The Capstone-RISC-V instruction set is based on the RV64G instruction set. The (uncompressed) instructions are fixed 32-bit wide, and laid out in memory in little-endian order. In the encoding space of the RV64G instruction set, Capstone-RISC-V instructions occupies the "custom-2" subset, i.e., the opcode of all Capstone-RISC-V instructions is 0b1011011.

Capstone-RISC-V instruction encodings follow two basic formats: R-type and I-type, as described below (more details are also provided in the RISC-V ISA Manual).

Diagram
Figure 1. R-type instruction format
Diagram
Figure 2. I-type instruction format

R-type instructions receive up to three register operands, and I-type instructions receive up to two register operands and a 12-bit-wide immediate operand.

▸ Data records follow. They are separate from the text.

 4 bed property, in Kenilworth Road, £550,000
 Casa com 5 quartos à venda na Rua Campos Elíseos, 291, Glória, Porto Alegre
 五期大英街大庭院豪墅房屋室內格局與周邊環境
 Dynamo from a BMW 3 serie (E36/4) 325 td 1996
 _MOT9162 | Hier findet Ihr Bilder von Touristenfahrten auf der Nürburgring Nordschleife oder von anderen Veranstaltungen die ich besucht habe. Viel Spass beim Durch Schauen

3. Capability Manipulation Instructions

Capstone provides instructions for creating, modifying, and destroying capabilities. Note that due to the guarantee of provenance of capabilities, those instructions are the only way to manipulate capabilities. In particular, it is not possible to manipulate capabilities by manipulating the content of a memory location or register using other instructions.

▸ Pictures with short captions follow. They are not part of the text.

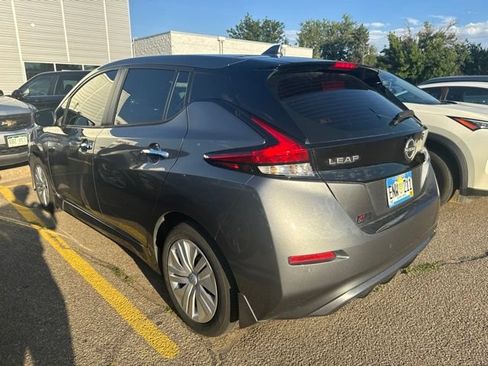 Used 2025 Nissan Leaf S FWD image 4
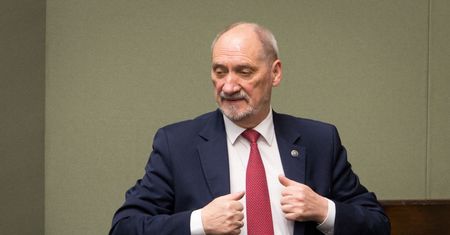 Kierowcy Macierewicza ukarani. Jeździli "pod prąd”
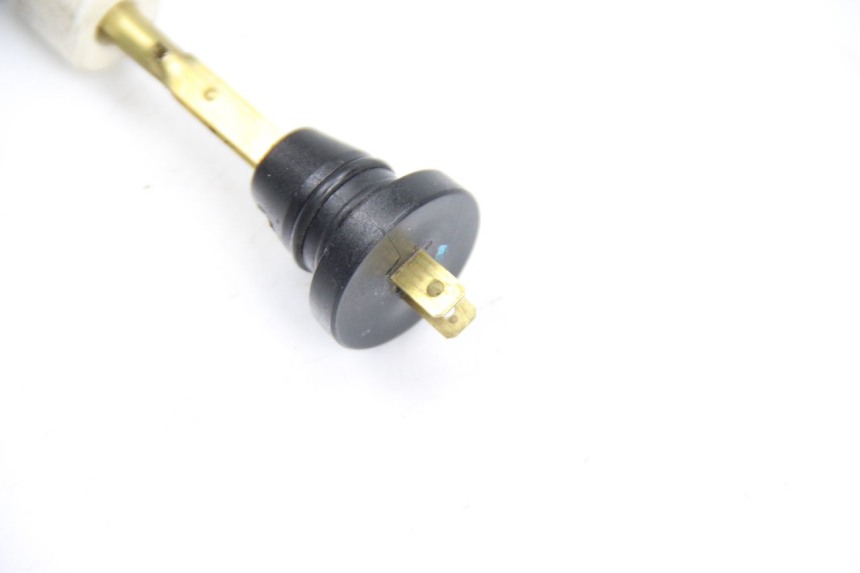 photo de OLIEPEILSTOK TANK MBK OVETTO 2T 50 (2007 - 2017) - Detail van het onderdeel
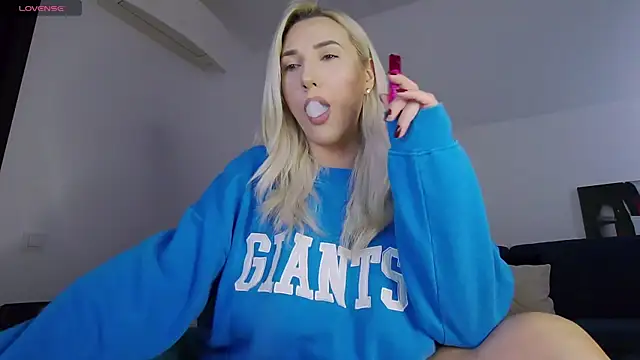 Snapshot of KhloeK chatting on November 2025 10:16:01 AM KhloeK online show from November 2025 10:16:01 AM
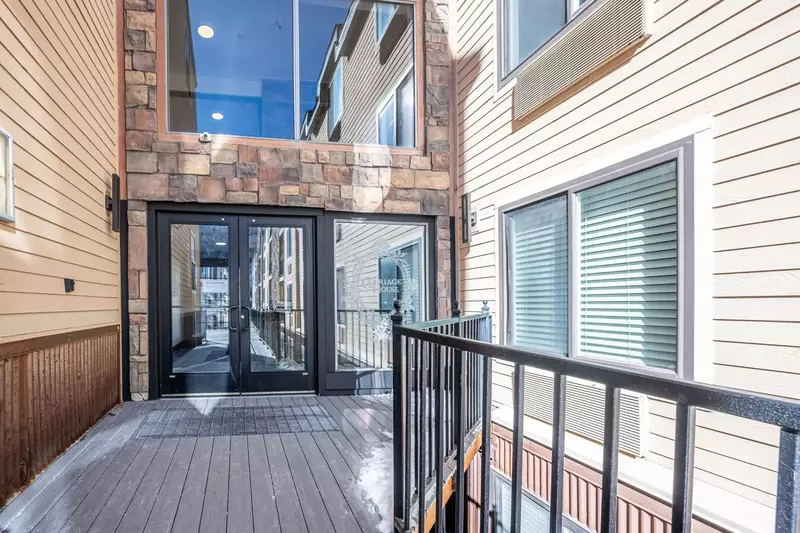 Carriage House at Prospector Square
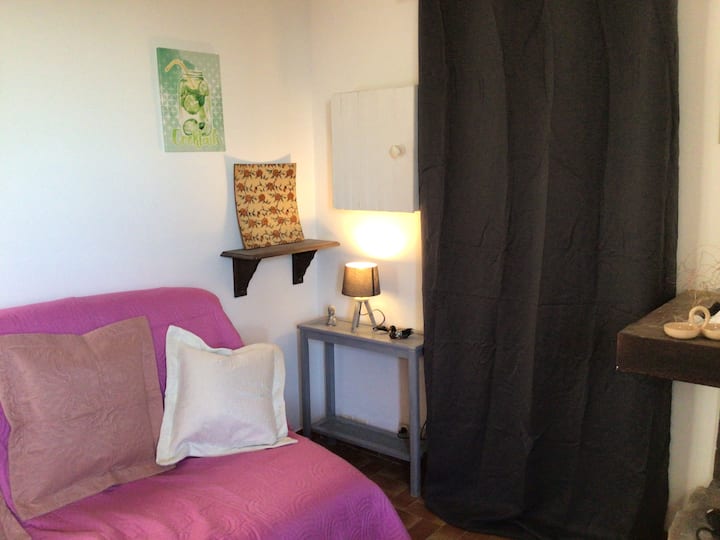 Cómoda zona de estar para ver la televisión, leer un buen libro o simplemente descansar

3.1. Cursor, Bounds, and Permissions Manipulation

3.1.1. Capability Movement

Capabilities can be moved between registers with the MOVC instruction.

Diagram
Figure 3. MOVC instruction format

If rs1 does not contain a capability, the instruction will trap. Otherwise, if rs1 is the same register as rd, the instruction is a no-op. If rs1 is not the same register as rd, rd will contain the original content of rs1, and if the content is a linear capability, rs1 will be set to the content of cnull.

3.1.2. Cursor Increment

The CINCOFFSET and CINCOFFSETIMM instructions increment the cursor of a capability by a give amount (offset).

Diagram
Figure 4. CINCOFFSET instruction format
Diagram
Figure 5. CINCOFFSETIMM instruction format

For CINCOFFSET, the offset is read from rs2. For CINCOFFSETIMM, the offset is the 12-bit sign-extended immediate field imm. If the offset is zero, the instructions are semantically equivalent to MOVC rd, rs1. Otherwise, the instructions are equal to an atomic execution of MOVC rd, rs1 followed by an increment of the cursor field of rd by the offset.

3.1.3. Cursor Setter and Getter

The cursor field of a capability can also be directly set and read with the SCC and LCC instructions respectively.

Diagram
Figure 6. SCC instruction format
Diagram
Figure 7. LCC instruction format

3.1.4. Bounds Shrinking

The bounds (base and end fields) of a capability can be shrunk with the SHRINK instruction.

Diagram
Figure 8. SHRINK instruction format

The instruction reads rs1 and rs2 and attempts to set the bounds of the capability in rd to [rs1, rs2). If rd does not originally contain a capability or rs1 > rs2, the instruction will trap. If the original bounds of the capability in rd are [base, end) and rs1 < base or rs2 > end, the instruction will also trap. Otherwise, the instruction will set the bounds of the capability in rd to [rs1, rs2).

3.1.5. Bounds Splitting

The SPLIT instruction can split a capability into two by splitting the bounds.

Diagram
Figure 9. SPLIT instruction format

TODO: describe this

3.1.6. Permission Tightening

The TIGHTEN instruction tightens the permissions (perms field) of a capability.

Diagram
Figure 10. TIGHTEN instruction format

The instruction reads the new permissions from rs1 and attempts to set the perms field of the capability in rd to rs1. If rd does not originally contain a capability or the content of rs1 is outside the range of perms, the instruction will trap. If the original perms field of the capability in rd is p and rs1 ⇐ p does not hold, the instruction will also trap. Otherwise, the perms field of the capability in rd is set to rs1.

3.2. Type Manipulation

Some instructions affect the type field of a capability.

3.2.1. Delinearisation

The DELIN instruction delinearises a linear capability.

Diagram
Figure 11. DELIN instruction format

The instruction expects a linear capability in rd. If rd does not contain a capability, or the type field of the capability in rd is not 0 (linear), the instruction will trap. Otherwise, the type field of the capability in rd is set to 1 (non-linear).

3.2.2. Initialisation

The INIT instruction transforms an uninitialised capability into a linear capability after its associated memory region has been fully initialised (written with new data).

Diagram
Figure 12. INIT instruction format

The instruction expects an uninitialized capability in rd. If rd does not contain a capability, or the type field of the capability in rd is not 3 (uninitialised), the instruction will trap. If the end field and the cursor field of the capability in rd are not equal, the instruction will also trap. Otherwise, the type field of the capability in rd is set to 0 (linear).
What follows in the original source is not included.